Quicktime is the default video player on mac. I would like to be able to share videos without having to always caveat it by saying “please use vlc to play these”.
Also, quicktime has very nice frame-level seeking UX. I for example often use the right and left keyboard arrows to move by one frame and spot changes, etc.
I am not sure how to check what order quicktime is actually using to display the frames. The PTS information I was showing is the output of ffprobe, now also showing frame type:
It looks like the mp4 file is missing the ctts atom
meaning it isn’t aware of the presentation times and assumes the frames should be presented in decode order.
I am not sure how to get FFMpeg to include this information however I can suggest a quick fix which should work and a possible solution with a very very slim chance of success.
Quick Fix
Reduce the GOP so there are not B frames and therefore no need for a ctts atom. e.g.
encoder_params.gopLength = 2
Possible Solution
I have no idea if this will work because I can’t play hevc files in my outdated version of quicktime. That said its possible ffmpeg will introduce the ctts atom automaticaly if you change the file to mov? e.g.
I’m guessing you don’t want lossless compression but just incase this is also supported the two caveats being that the file is very large and I have no idea if it will play in quicktime. e.g.
Related to this question, I read through this ffmpeg ticket: https://trac.ffmpeg.org/ticket/502#comment:26
The suggested use of the dts2pts filter fixes the issue but is only available for h264:
On another note (with an apology for bringing up more requests), is there a way to specify the colour range to the container? As briefly mentioner in a previous comment (Status and usage of cudacodec::VideoWriter - #21 by tvercaut), I am interested in storing grayscale data in the Y plane. By default, ffmpeg seems to use a limited colour range, thus expecting 10 bit Y values to be in the range of [16; 235] * 2^2 = [64; 940] or [16; 235] * 2^2 * 2*6 = [4096; 60160] for nvenc (while keeping only the 10 most significant bits).

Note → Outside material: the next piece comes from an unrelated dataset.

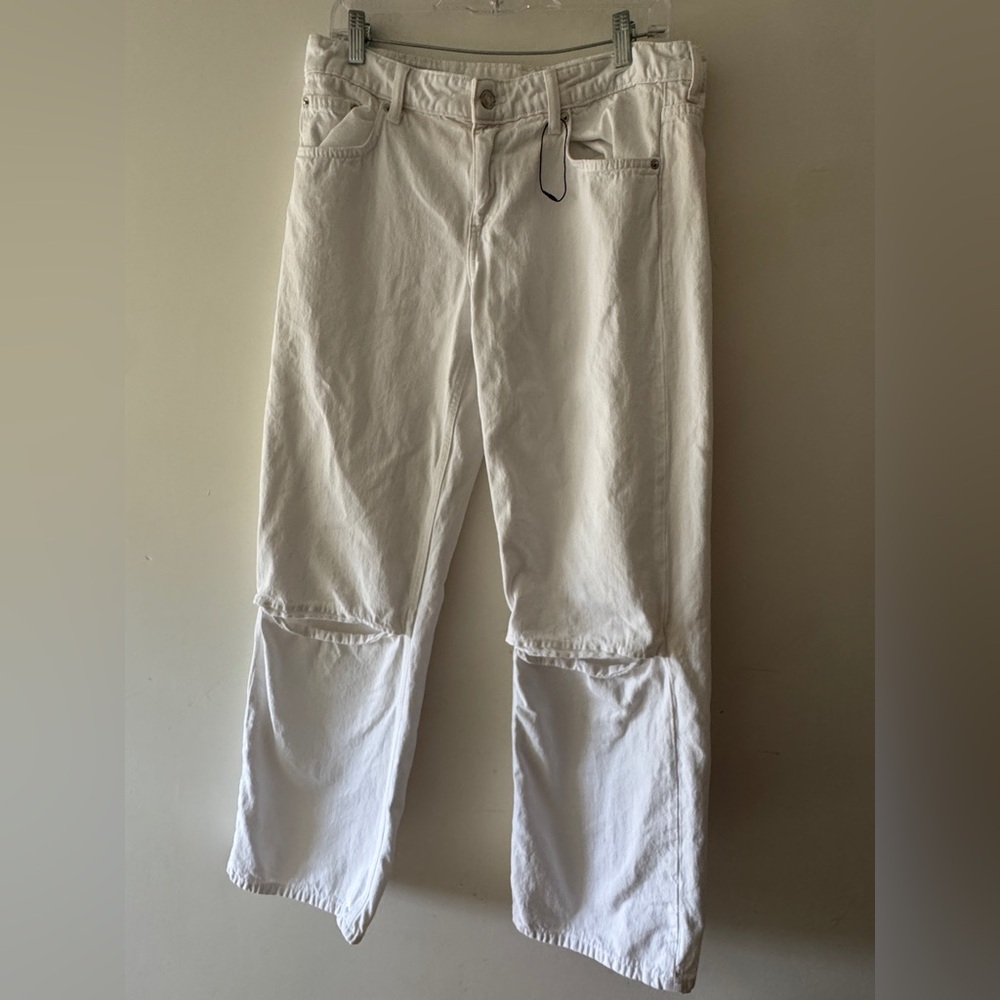 NWOT Zara White Wide Leg Pants Knee Slits‎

While it looks possible to feed full range data to nvenc but not tell it to ffmpeg, this may lead to counter-intuitive display issues. For the ffmpeg command line option, specifying the use of full range colours can be done with -color_range 2. The libav counterpart seems to be here: https://ffmpeg.org/doxygen/trunk/pixfmt_8h.html#a3da0bf691418bc22c4bcbe6583ad589a
Is it challenging to expose this flag in the writer?
I have uploaded a new wheel with corrected pts values, hopefully the resulting video’s will be playable in quicktime.

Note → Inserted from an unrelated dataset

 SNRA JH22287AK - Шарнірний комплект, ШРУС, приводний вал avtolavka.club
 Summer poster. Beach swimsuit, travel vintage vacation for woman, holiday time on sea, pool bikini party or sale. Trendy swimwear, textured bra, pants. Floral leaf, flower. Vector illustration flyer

Correct as mentioned in the notebook the muxed containers have the full range flag set to false. This can be altered but I am not sure if it has general purpose value in OpenCV as the input range can be limited before encoding the YUV values if they are not in the standard video range.
Apologies I had missed the note about it in your notebook.

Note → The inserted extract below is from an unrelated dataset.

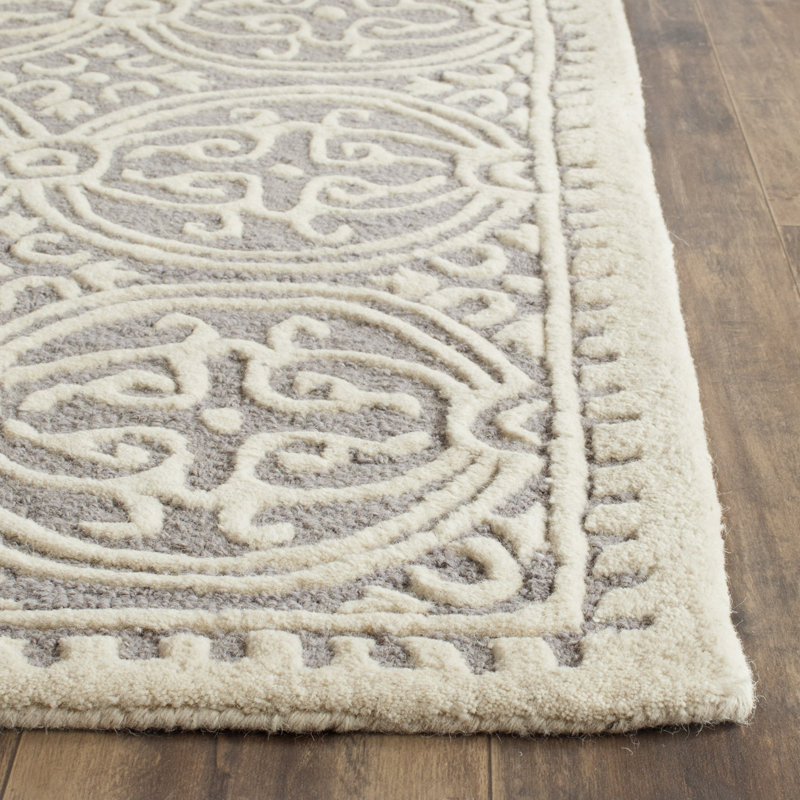 Cathay Silver & Ivory Wool HandTufted Area Rug & Reviews Joss & Main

I am obviously biased but I would have thought that being able to record / playback video acquired with a machine vision camera (either 8 or 10 bit) fits quite well in the remit of opencv. There is alreay support for video capture for many such cameras. The full bit range would be utilised in such camera streams.
As you say, it is possible to squash the value range of the camera feed before writing it as a video file but this will lead to precision loss on top of any (lossy) compression that may occur. The alternative of recording full range but not telling it to the container is probably workable in many cases but, in addition to skewing the semantics a bit, I am not sure what side effects may occur due to using reserved values such as 0 (and 255/1023 in 8/10 bit respectively):
Values outside the nominal ranges are allowed, but typically they would be clamped for broadcast or for display (except for Superwhite and xvYCC). Values 0 and 255 are reserved as timing references (SAV and EAV), and may not contain color data (for 8 bits, for 10 bits more values are reserved and for 12 bits even more, no values are reserved in files or RGB mode or full range YCbCr digital modes like sYCC or opYCC).